■ **WORK INSTRUCTIONS**: Beginning with the line that holds "LE STREGHE Top Damen Schwarz von LE STREGHE" in the data below, give again every line through the one that holds "One & Only - Wood and Resin Case - #01573", exactly as written.

- - -

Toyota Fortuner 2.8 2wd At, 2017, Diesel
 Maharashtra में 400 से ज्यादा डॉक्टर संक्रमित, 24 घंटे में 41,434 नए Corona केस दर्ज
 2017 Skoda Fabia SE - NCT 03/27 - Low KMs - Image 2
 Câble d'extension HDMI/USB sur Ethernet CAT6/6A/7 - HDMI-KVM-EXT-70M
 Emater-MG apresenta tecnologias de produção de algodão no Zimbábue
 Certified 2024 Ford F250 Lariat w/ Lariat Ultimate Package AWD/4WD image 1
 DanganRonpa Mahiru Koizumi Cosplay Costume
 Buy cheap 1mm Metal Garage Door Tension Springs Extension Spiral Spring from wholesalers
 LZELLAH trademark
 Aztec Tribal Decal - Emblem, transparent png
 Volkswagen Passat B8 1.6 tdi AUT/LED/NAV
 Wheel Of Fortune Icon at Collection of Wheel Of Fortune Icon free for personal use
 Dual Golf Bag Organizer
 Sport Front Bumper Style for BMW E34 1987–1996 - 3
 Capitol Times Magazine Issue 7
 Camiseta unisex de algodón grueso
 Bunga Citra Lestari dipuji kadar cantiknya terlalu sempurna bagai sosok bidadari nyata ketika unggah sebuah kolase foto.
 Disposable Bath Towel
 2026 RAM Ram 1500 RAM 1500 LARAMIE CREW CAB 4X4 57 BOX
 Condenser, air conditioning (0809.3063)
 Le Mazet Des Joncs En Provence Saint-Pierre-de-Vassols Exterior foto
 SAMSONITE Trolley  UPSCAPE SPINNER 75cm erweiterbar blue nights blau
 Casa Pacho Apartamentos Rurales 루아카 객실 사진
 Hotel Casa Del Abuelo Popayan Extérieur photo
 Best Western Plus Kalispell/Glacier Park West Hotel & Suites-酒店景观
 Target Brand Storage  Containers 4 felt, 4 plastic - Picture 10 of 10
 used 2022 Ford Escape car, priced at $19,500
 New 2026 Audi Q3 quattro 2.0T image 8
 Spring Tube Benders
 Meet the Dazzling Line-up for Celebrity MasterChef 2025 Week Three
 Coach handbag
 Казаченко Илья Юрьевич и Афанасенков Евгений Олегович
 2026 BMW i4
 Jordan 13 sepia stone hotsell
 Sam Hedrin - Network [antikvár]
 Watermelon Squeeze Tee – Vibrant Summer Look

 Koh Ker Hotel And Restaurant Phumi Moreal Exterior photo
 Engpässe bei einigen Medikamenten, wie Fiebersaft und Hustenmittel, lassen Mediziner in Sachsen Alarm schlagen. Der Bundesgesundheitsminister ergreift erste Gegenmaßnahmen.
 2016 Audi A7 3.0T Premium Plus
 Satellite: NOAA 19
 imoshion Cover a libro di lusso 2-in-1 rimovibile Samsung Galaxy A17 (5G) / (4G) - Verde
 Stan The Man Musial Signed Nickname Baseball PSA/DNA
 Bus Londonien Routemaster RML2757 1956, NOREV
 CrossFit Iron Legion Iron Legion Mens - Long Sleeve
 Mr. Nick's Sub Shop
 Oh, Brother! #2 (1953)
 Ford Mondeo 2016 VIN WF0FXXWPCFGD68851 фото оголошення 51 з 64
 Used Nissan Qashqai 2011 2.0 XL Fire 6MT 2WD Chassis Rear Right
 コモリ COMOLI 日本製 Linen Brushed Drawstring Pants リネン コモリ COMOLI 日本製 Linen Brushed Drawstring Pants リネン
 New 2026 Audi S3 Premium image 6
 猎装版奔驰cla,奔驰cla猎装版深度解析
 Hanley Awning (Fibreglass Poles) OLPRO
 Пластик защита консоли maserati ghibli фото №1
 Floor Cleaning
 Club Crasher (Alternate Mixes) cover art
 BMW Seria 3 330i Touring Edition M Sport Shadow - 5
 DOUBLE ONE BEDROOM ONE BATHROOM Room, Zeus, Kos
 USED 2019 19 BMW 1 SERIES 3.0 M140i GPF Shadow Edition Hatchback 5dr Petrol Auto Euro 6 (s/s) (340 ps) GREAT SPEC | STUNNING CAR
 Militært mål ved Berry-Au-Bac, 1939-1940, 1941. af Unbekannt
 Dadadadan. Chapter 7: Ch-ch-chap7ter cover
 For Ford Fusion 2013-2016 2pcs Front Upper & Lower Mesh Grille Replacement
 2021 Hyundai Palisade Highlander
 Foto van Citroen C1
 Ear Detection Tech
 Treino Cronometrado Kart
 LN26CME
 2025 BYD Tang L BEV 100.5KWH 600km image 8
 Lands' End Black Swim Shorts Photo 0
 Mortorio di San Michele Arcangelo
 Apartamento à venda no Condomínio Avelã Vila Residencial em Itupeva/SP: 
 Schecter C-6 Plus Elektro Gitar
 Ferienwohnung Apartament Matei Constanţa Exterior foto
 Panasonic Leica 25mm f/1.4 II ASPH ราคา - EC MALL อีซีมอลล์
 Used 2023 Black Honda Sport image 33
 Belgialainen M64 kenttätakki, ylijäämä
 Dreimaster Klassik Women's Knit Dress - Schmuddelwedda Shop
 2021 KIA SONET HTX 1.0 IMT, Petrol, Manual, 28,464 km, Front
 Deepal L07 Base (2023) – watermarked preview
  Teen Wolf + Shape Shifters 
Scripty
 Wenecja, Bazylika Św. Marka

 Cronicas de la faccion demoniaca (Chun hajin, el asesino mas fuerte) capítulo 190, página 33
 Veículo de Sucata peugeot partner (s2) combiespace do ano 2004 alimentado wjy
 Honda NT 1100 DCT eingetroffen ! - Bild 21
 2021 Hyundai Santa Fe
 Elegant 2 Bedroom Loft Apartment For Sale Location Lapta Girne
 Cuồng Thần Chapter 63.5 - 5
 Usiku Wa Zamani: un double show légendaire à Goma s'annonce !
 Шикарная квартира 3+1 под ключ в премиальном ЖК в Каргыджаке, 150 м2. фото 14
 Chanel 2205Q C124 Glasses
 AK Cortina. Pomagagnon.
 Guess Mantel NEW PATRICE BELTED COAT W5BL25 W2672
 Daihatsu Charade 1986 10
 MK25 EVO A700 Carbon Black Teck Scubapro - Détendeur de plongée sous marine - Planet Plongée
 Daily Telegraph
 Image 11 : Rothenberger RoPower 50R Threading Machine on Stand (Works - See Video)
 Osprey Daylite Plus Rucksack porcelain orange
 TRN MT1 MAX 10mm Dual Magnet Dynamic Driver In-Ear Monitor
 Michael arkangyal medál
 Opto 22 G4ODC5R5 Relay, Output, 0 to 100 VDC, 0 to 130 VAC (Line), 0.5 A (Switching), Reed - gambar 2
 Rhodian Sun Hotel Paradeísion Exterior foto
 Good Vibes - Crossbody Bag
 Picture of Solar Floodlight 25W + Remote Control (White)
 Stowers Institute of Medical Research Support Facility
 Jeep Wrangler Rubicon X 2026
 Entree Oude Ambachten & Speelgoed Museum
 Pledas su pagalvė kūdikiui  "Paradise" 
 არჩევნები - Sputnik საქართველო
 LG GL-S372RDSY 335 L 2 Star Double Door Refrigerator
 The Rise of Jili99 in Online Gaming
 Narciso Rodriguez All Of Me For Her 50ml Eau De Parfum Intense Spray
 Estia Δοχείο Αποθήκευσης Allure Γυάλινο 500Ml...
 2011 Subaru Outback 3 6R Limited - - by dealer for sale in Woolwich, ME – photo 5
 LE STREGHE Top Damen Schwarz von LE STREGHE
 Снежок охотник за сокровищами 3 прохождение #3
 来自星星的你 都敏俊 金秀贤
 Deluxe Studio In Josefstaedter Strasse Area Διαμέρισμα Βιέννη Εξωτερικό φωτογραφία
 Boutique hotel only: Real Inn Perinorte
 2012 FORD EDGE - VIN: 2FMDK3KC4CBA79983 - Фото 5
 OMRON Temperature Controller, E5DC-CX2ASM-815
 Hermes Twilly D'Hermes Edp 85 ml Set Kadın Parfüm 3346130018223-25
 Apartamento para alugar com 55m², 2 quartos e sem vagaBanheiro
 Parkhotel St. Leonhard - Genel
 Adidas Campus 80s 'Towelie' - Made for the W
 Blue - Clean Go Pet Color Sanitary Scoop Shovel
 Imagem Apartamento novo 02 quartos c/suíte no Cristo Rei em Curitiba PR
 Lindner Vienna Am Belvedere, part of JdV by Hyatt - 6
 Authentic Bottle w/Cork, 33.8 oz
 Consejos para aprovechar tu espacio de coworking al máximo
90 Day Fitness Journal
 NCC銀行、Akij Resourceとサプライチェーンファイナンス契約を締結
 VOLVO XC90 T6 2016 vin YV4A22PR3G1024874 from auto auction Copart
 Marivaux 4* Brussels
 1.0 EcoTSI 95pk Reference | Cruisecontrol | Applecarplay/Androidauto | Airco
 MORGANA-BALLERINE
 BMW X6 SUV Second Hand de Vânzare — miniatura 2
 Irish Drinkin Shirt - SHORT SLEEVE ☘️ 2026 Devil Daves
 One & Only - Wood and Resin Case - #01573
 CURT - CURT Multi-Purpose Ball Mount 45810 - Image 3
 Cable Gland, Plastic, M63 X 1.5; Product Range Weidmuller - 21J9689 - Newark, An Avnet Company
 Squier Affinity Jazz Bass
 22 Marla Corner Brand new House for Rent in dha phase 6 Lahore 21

- - -

■ **EXERCISE OUTPUT**:
 LE STREGHE Top Damen Schwarz von LE STREGHE
 Снежок охотник за сокровищами 3 прохождение #3
 来自星星的你 都敏俊 金秀贤
 Deluxe Studio In Josefstaedter Strasse Area Διαμέρισμα Βιέννη Εξωτερικό φωτογραφία
 Boutique hotel only: Real Inn Perinorte
 2012 FORD EDGE - VIN: 2FMDK3KC4CBA79983 - Фото 5
 OMRON Temperature Controller, E5DC-CX2ASM-815
 Hermes Twilly D'Hermes Edp 85 ml Set Kadın Parfüm 3346130018223-25
 Apartamento para alugar com 55m², 2 quartos e sem vagaBanheiro
 Parkhotel St. Leonhard - Genel
 Adidas Campus 80s 'Towelie' - Made for the W
 Blue - Clean Go Pet Color Sanitary Scoop Shovel
 Imagem Apartamento novo 02 quartos c/suíte no Cristo Rei em Curitiba PR
 Lindner Vienna Am Belvedere, part of JdV by Hyatt - 6
 Authentic Bottle w/Cork, 33.8 oz
 Consejos para aprovechar tu espacio de coworking al máximo
90 Day Fitness Journal
 NCC銀行、Akij Resourceとサプライチェーンファイナンス契約を締結
 VOLVO XC90 T6 2016 vin YV4A22PR3G1024874 from auto auction Copart
 Marivaux 4* Brussels
 1.0 EcoTSI 95pk Reference | Cruisecontrol | Applecarplay/Androidauto | Airco
 MORGANA-BALLERINE
 BMW X6 SUV Second Hand de Vânzare — miniatura 2
 Irish Drinkin Shirt - SHORT SLEEVE ☘️ 2026 Devil Daves
 One & Only - Wood and Resin Case - #01573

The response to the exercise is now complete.